Shilpa Sringar and Ed Howard answer some questions about the popular winter intensive. Questions by Reetika Khanna
Where did you intern?
We interned at the Chambers of Rajshekhar Rao. Mr. Rao is an advocate at the High Court of Delhi and the Supreme Court of India. He also appears before Tribunals such as the National Company Law Tribunal (NCLT) and the Prevention of Money Laundering Appellate Tribunal (PMLA). At the Chambers there were around 10 junior lawyers who worked for Mr. Rao, and three other interns. The matters which Mr. Rao took were extremely diverse, including intellectual property, white-collar crime, competition, family law, and constitutional matters
Can you describe an average day of work there?
Most mornings we started our day at the High Court. We shadowed Mr. Rao during the day, often having to run between the different court rooms due to the huge volume of cases which he appears in during a single day. Most days we would need to travel between the High Court and the NCLT depending on what matters were being heard on the particular day. When court closed in the afternoon we would debrief over chai in the court canteen before heading to the office. In the office we worked on upcoming cases, predominantly by doing research, and attending conferences with clients.
What was a highlight of your trip?
The internship itself was definitely the highlight. This would have to be because the people we worked with were welcoming and engaging and we were able to work on an incredibly diverse range of legal matters. Family law matters were especially interesting due to the lack of a uniform civil code, and the application of religious personal law to family matters. We were also lucky to look at an ongoing Public Interest Litigation case for which Mr. Rao was an amicus curiae. The matter has been going for many years and revolved around a constitutional challenge to the marital rape exception in Indian law.
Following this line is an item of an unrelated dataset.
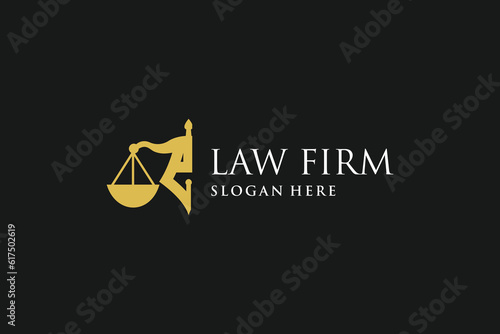 Lawyer logo vector with creative unique idea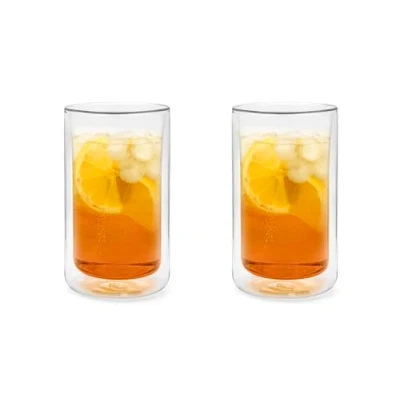 Abbildung von Bredemeijer 2 teilige doppelwandige Trinkgläser aus Glas Glasbecher mit je 400 ml Fassungsvermögen für kalte und heiße Getränke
The food was also amazing.
What did you find the most challenging about your experience?
Some of the most challenging aspects were the practical issues with the court process. To get into court each morning we had to get passes. This involved joining a flock of interns in 40 degree heat trying to push your way to the counter to get your pass. The volume of interns and lawyers in the Court was also astonishing. In some court rooms you could barely push the door open and advocates with a matter on had to shove their way through the melee of lawyers to reach the bench.
Something that we were impressed with was the work ethic among advocates, particularly within our Chambers. The lawyers in our Chambers worked 7 days a week and 9pm was an average finish time for the day. Hard work was respected, and the junior lawyers aspired to dedicate themselves to work in the same way as Mr. Rao.
A point of particular interest was the hierarchy among lawyers. Senior advocates were identifiable by different jackets, and paths cleared in front of them as they walked. At lunchtime interns were barred from entering the canteen, they were instead fed out of a window at the back of the kitchen, and had to eat outside.